In This Light Which Gives Light
A History of the College of St. Albert the Great
by Christopher J. Renz, OP
Preface by John S. Cummins, D.D., Bishop Emeritus of Oakland
To order a copy mail a check for your donation of $14.99 plus $5.00 shipping and handling per copy to:
Attn: Fr. Chris Renz, OP
Dominican School of Philosophy and Theology
2301 Vine Street
Berkeley, CA 94708
Originally founded in 1851 as the House of Studies for the Western Dominican Province, the College of St. Albert the Great was civilly incorporated in the State of California in 1932 with the hope that it would become "a lighthouse of religion and learning to the regions around," and in so doing open up a conversation between the Church and contemporary culture.
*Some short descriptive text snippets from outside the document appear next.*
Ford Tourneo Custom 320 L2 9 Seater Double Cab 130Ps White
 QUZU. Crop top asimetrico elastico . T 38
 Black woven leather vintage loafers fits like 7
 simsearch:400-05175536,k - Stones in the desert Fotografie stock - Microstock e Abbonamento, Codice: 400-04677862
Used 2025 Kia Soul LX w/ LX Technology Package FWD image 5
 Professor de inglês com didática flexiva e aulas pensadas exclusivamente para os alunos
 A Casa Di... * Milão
In tracing the history of the College, the author sets it within the eight-hundred year-long educational mission of the Order. From the earliest day, Dominicans were dedicated to combining the education of the friars with the education of the laity and the spread of sana doctrina. The friars of the Western Province incorporated ideas from the famous Angelicum (Rome) in order to establish a place where laity would be educated in philosophy (and later theology) and thus be equipped to engage confidently the challenges of their time.
As its growth continued, the College became well situated both academically and geographically to respond to the ecumenical movement of the mid-twentieth century. Ideas which served as the seedbed for the Graduate Theological Union (1962) also provided the means for the College to be the first Catholic institution to join the GTU in 1964. Shortly thereafter, the College changed its name to the Dominican School of Philosophy and Theology, moving classrooms and administration to the GTU campus.
As Bishop Cummins notes, "St. Albert College has grown much from the Benicia days. It has received much from its participation in what was once an experiment in Berkeley. We rejoice in what St. Albert's has contributed to the Graduate Theological Union. Without the Catholic presence, the consortium would be a respected educational institution but it would hardly be distinguished."